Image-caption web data
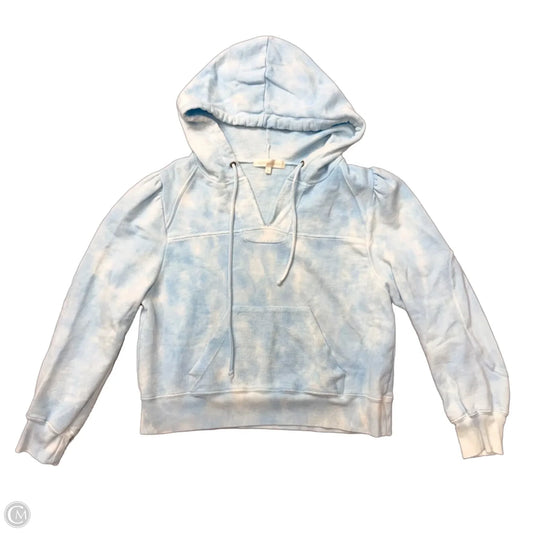 Sweatshirt Hoodie By Loveshackfancy In Tie Dye Print, Size: S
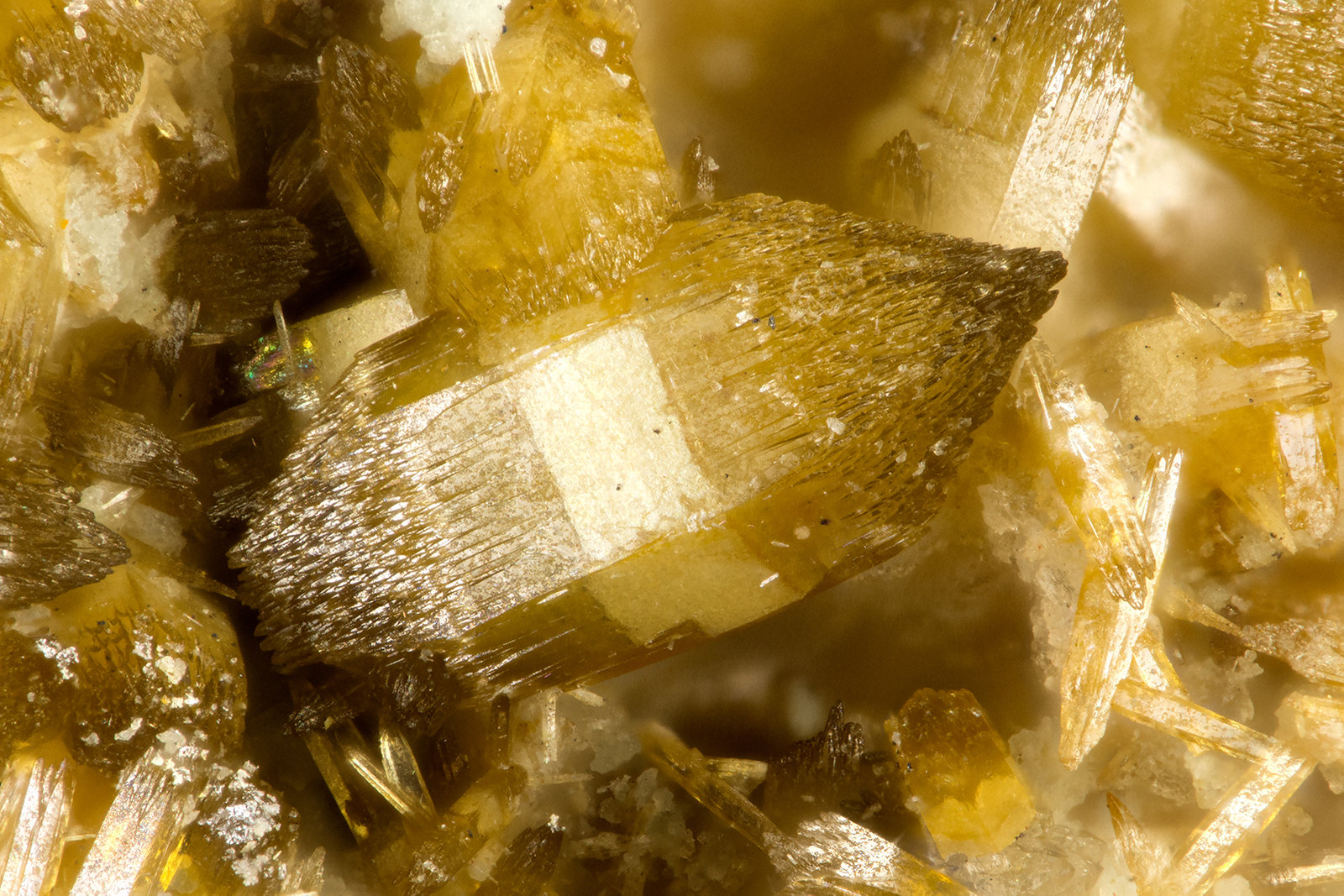 Mimetite
FOV = 1.4 mm
(Autor: Doug)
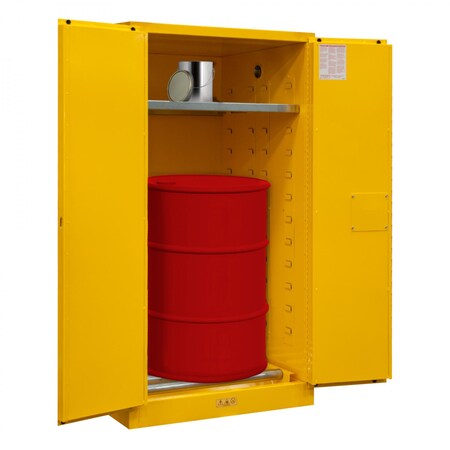 Durham Mfg Flammable Storage, 55 Gallon, Manual 1055MDSR-50
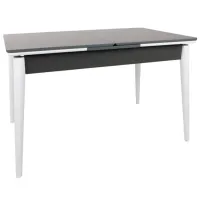 Masă de bucătărie extensibilă Trendy Sigma MDF/ Gray photo 2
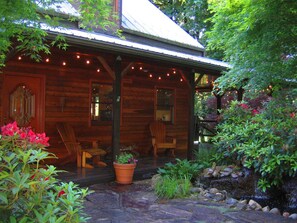 You will just love the water feature to the right of the entrance ...So relaxing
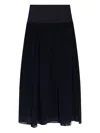 Ulla Johnson A-line Midi Skirt In Blue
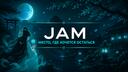 Discovery splash banner for JAM (Скоро) Discord server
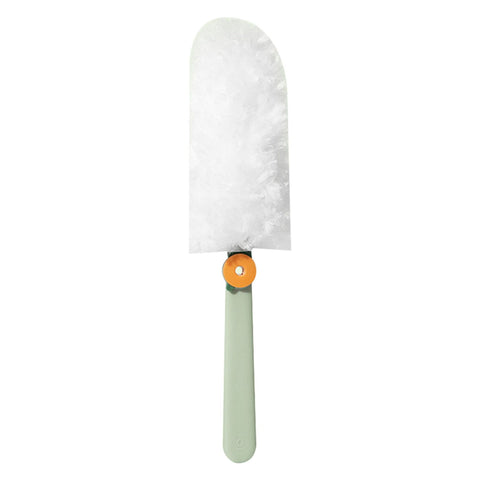 Hand Duster Electrostatic Adsorption Washable Replaceable Cleaning Fibers Telescopic Duster for Floor Desk CleaningGreen In Australia - Darrahopens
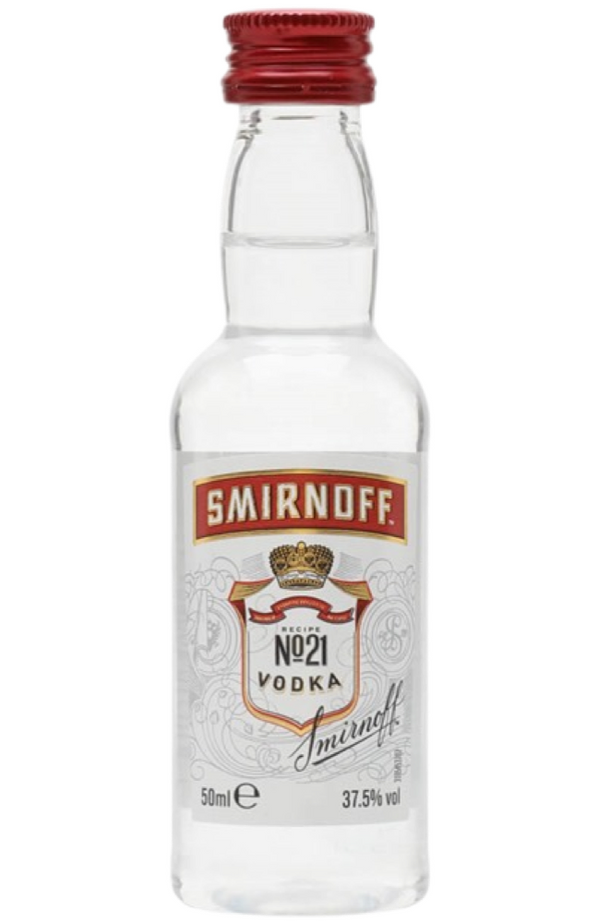 Miniature Smirnoff Vodka 5cl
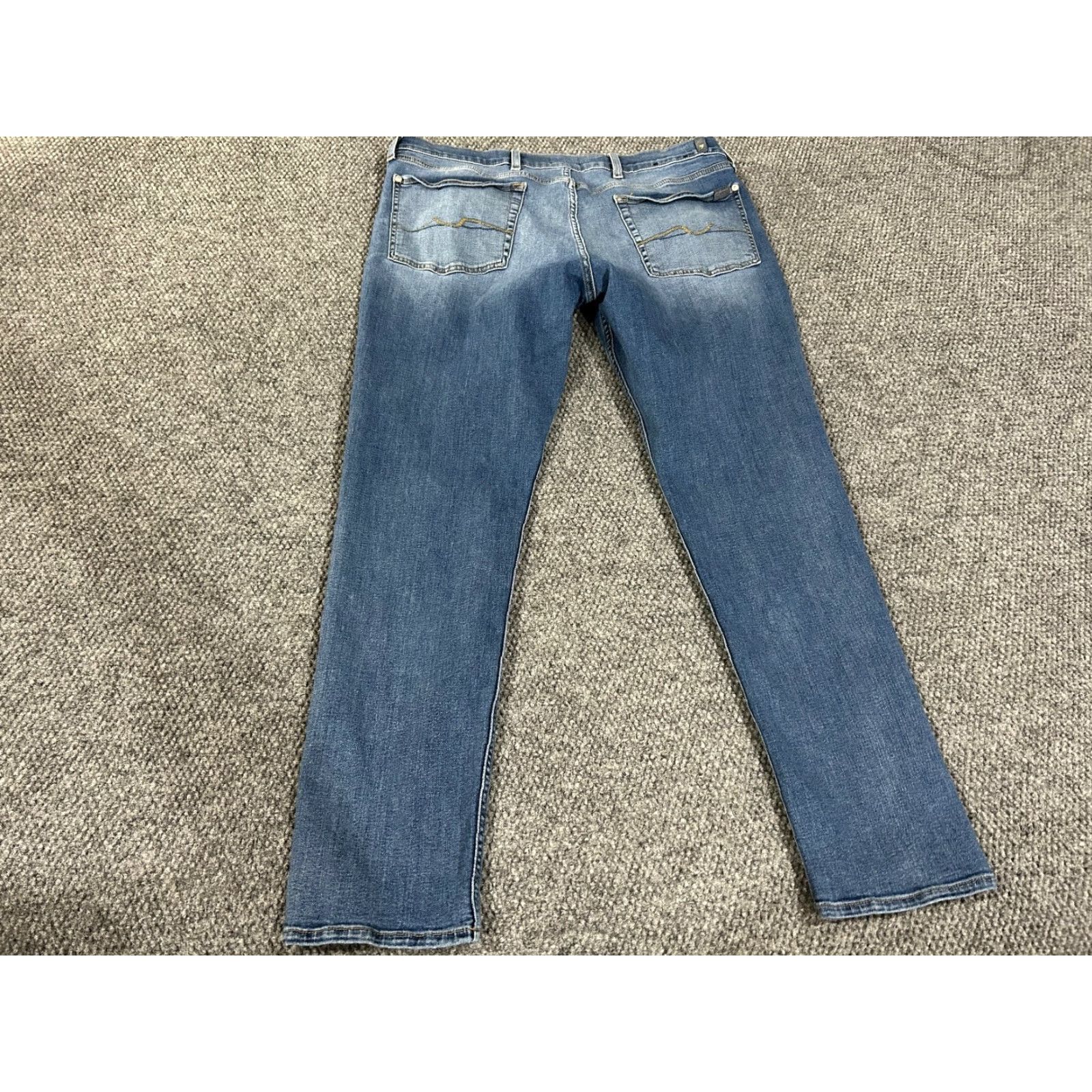 7 For All Mankind 7 For All Mankind Jeans Mens 38x31 Straight Denim Blue 7 For All Mankind Jeans 5-Pocket Regular Size 38 Blue Denim Size US 38 / EU 54 - 7 Thumbnail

_Task requirements_: Output only these lines, word for word: the line containing "Discovery splash banner" and every line after it through the last line of the data. Omit the pictures.

_Task response_:
 Discovery splash banner for JAM (Скоро) Discord server
 Hand Duster Electrostatic Adsorption Washable Replaceable Cleaning Fibers Telescopic Duster for Floor Desk CleaningGreen In Australia - Darrahopens
 Miniature Smirnoff Vodka 5cl
 7 For All Mankind 7 For All Mankind Jeans Mens 38x31 Straight Denim Blue 7 For All Mankind Jeans 5-Pocket Regular Size 38 Blue Denim Size US 38 / EU 54 - 7 Thumbnail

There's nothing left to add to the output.